>>>>
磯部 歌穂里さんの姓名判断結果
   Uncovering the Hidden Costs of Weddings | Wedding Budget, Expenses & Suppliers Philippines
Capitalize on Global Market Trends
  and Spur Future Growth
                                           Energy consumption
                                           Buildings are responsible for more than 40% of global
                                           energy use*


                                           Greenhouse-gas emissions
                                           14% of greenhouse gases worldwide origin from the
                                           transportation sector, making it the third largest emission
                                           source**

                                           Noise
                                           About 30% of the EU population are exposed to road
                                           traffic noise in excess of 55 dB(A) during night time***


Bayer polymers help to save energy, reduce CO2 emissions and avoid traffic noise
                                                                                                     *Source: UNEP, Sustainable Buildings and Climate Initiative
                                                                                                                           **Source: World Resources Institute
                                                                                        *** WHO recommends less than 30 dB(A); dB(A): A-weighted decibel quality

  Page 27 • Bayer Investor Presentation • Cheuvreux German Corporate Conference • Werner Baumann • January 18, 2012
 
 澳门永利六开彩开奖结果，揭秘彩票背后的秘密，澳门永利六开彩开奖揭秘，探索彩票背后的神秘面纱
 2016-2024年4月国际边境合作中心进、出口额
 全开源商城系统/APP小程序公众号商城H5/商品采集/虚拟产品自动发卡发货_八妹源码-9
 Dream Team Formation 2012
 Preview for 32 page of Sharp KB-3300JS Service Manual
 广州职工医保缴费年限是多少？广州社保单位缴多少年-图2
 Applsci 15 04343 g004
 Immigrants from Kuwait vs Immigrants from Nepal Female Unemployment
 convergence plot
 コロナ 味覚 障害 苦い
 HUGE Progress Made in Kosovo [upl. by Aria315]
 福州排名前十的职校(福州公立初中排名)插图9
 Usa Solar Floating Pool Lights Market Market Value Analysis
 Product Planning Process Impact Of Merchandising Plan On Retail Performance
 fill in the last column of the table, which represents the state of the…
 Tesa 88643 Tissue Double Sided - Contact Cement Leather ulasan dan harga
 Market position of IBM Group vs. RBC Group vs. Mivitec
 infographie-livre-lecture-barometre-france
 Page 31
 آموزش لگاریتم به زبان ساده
<<<<
The task: The records above are to be copied in full, exactly as written.

Exercise solution:
磯部 歌穂里さんの姓名判断結果
   Uncovering the Hidden Costs of Weddings | Wedding Budget, Expenses & Suppliers Philippines
Capitalize on Global Market Trends
  and Spur Future Growth
                                           Energy consumption
                                           Buildings are responsible for more than 40% of global
                                           energy use*


                                           Greenhouse-gas emissions
                                           14% of greenhouse gases worldwide origin from the
                                           transportation sector, making it the third largest emission
                                           source**

                                           Noise
                                           About 30% of the EU population are exposed to road
                                           traffic noise in excess of 55 dB(A) during night time***


Bayer polymers help to save energy, reduce CO2 emissions and avoid traffic noise
                                                                                                     *Source: UNEP, Sustainable Buildings and Climate Initiative
                                                                                                                           **Source: World Resources Institute
                                                                                        *** WHO recommends less than 30 dB(A); dB(A): A-weighted decibel quality

  Page 27 • Bayer Investor Presentation • Cheuvreux German Corporate Conference • Werner Baumann • January 18, 2012
 
 澳门永利六开彩开奖结果，揭秘彩票背后的秘密，澳门永利六开彩开奖揭秘，探索彩票背后的神秘面纱
 2016-2024年4月国际边境合作中心进、出口额
 全开源商城系统/APP小程序公众号商城H5/商品采集/虚拟产品自动发卡发货_八妹源码-9
 Dream Team Formation 2012
 Preview for 32 page of Sharp KB-3300JS Service Manual
 广州职工医保缴费年限是多少？广州社保单位缴多少年-图2
 Applsci 15 04343 g004
 Immigrants from Kuwait vs Immigrants from Nepal Female Unemployment
 convergence plot
 コロナ 味覚 障害 苦い
 HUGE Progress Made in Kosovo [upl. by Aria315]
 福州排名前十的职校(福州公立初中排名)插图9
 Usa Solar Floating Pool Lights Market Market Value Analysis
 Product Planning Process Impact Of Merchandising Plan On Retail Performance
 fill in the last column of the table, which represents the state of the…
 Tesa 88643 Tissue Double Sided - Contact Cement Leather ulasan dan harga
 Market position of IBM Group vs. RBC Group vs. Mivitec
 infographie-livre-lecture-barometre-france
 Page 31
 آموزش لگاریتم به زبان ساده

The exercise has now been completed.